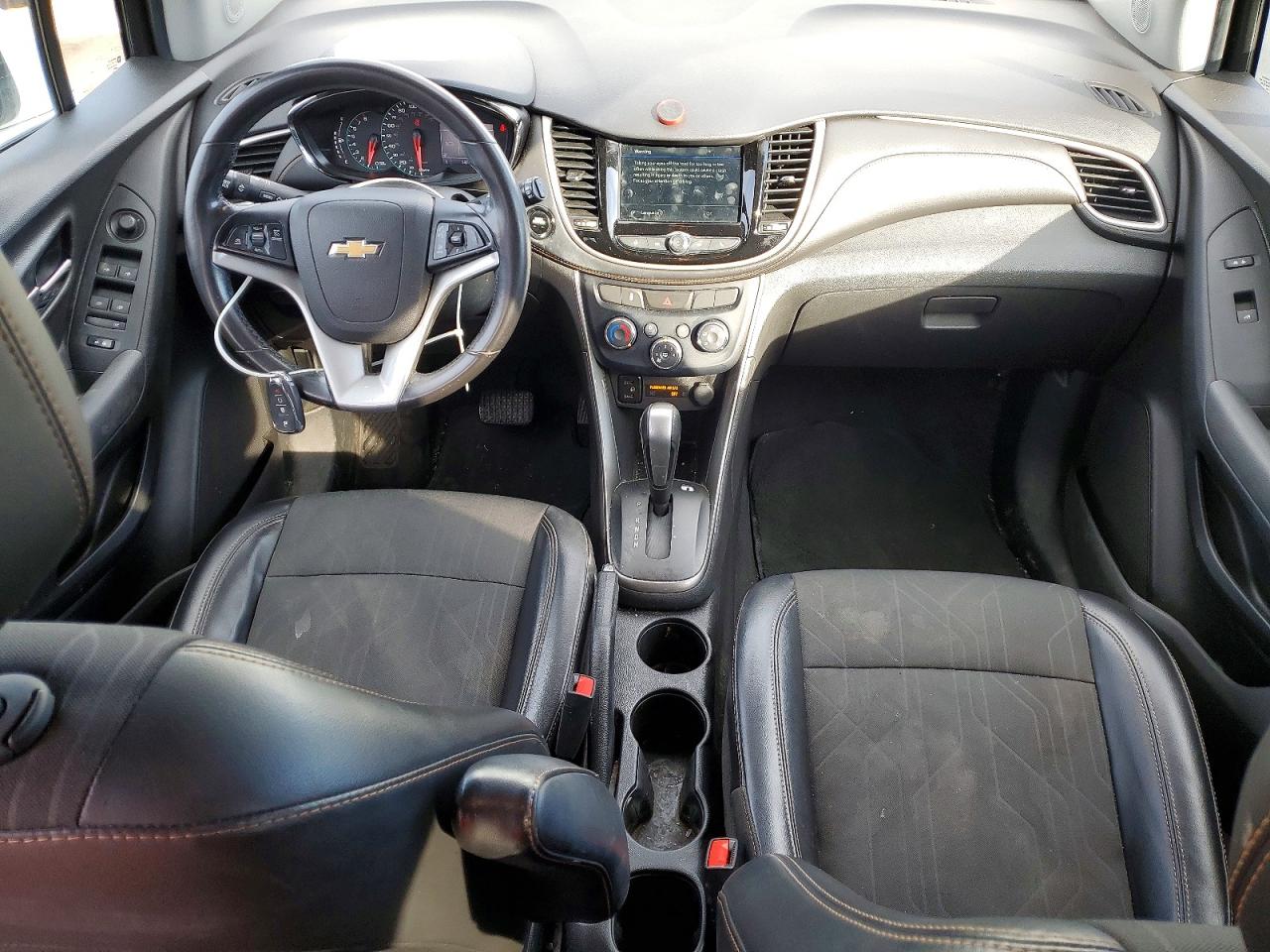 2019 CHEVROLET TRAX 1LT photo 8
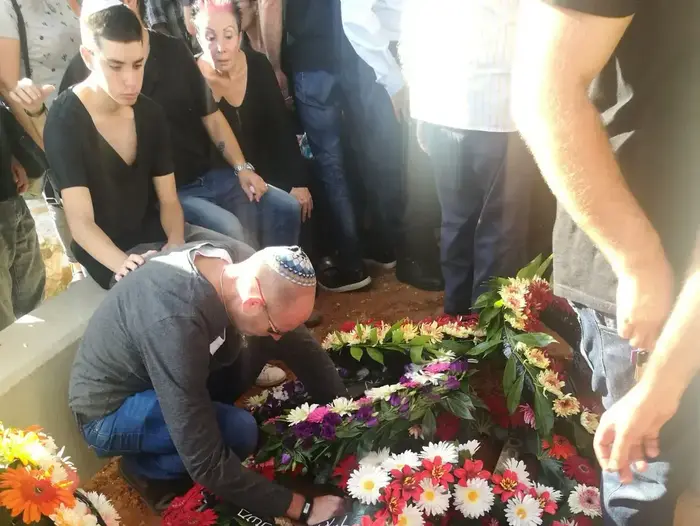 הלוויתה של אורית גור זל שנהרגה בגיאורגיה מנפילה מסוס 17 באוקטובר 2017 (מערכת וואלה! NEWS , אור רביד) הלוויתה של אורית גור זל שנהרגה בגיאורגיה מנפילה מסוס 17 באוקטובר 2017 (מערכת וואלה! NEWS , אור רביד)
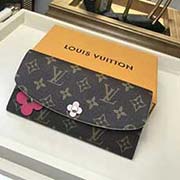 M64202 枚紅色 小花 經典Emilie錢夾 時尚而實用 粉色皮革飾邊與可愛的Monogram花卉飾釘與飾件盡顯精致柔美 19.5 x 10 x 1厘米 長x 高 x 寬 特殊涂層帆布 粒紋 與飾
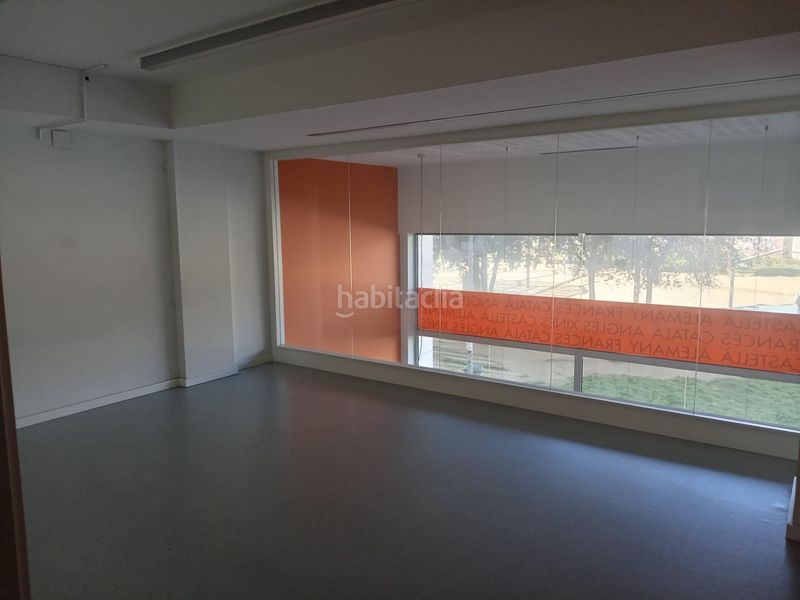 Foto 18e3c85c-6da8-41ee-bb43-e5e1e0779bb3. Local comercial a Centre Sabadell
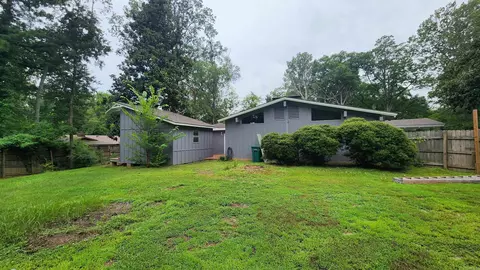 Exterior - 700 W 33rd Ave, Pine Bluff, AR 71603 photo 3 of 7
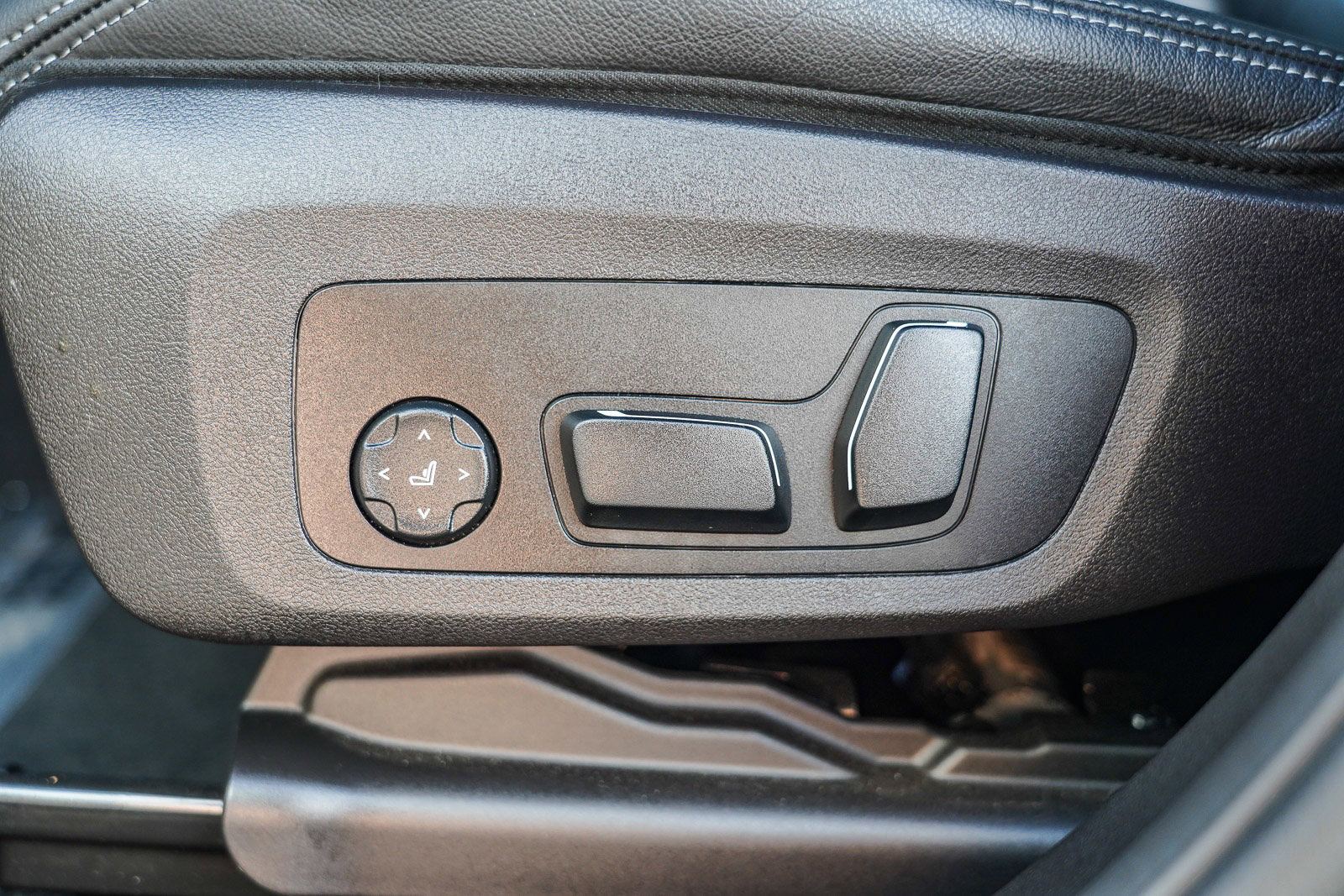 Used 2025 BMW X4 xDrive30i image 25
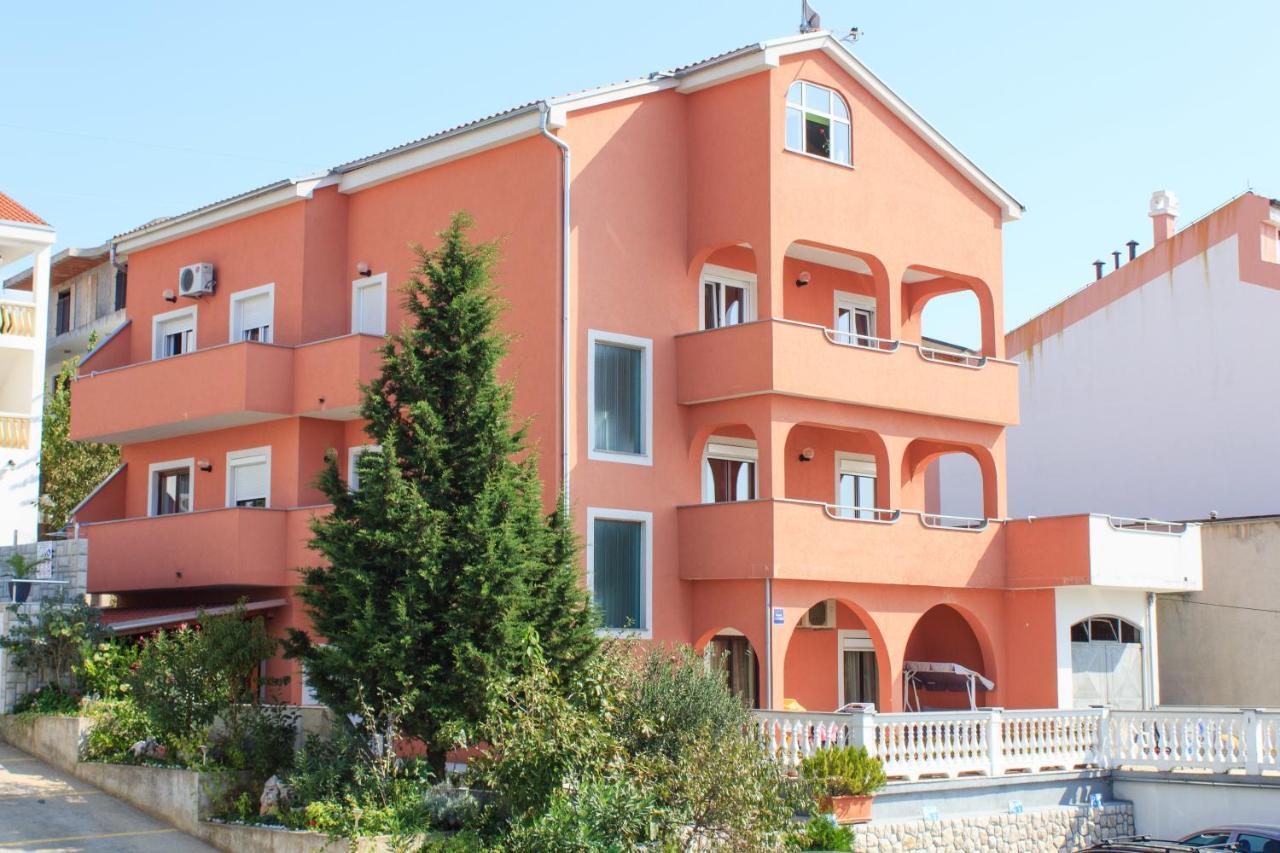 Apartments Mikanovic Crikvenica Exterior photo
———
Transcribe the data word for word, with no images.

SOLUTION TO THE EXERCISE:
 2019 CHEVROLET TRAX 1LT photo 8
 הלוויתה של אורית גור זל שנהרגה בגיאורגיה מנפילה מסוס 17 באוקטובר 2017 (מערכת וואלה! NEWS , אור רביד) הלוויתה של אורית גור זל שנהרגה בגיאורגיה מנפילה מסוס 17 באוקטובר 2017 (מערכת וואלה! NEWS , אור רביד)
 M64202 枚紅色 小花 經典Emilie錢夾 時尚而實用 粉色皮革飾邊與可愛的Monogram花卉飾釘與飾件盡顯精致柔美 19.5 x 10 x 1厘米 長x 高 x 寬 特殊涂層帆布 粒紋 與飾
 Foto 18e3c85c-6da8-41ee-bb43-e5e1e0779bb3. Local comercial a Centre Sabadell
 Exterior - 700 W 33rd Ave, Pine Bluff, AR 71603 photo 3 of 7
 Used 2025 BMW X4 xDrive30i image 25
 Apartments Mikanovic Crikvenica Exterior photo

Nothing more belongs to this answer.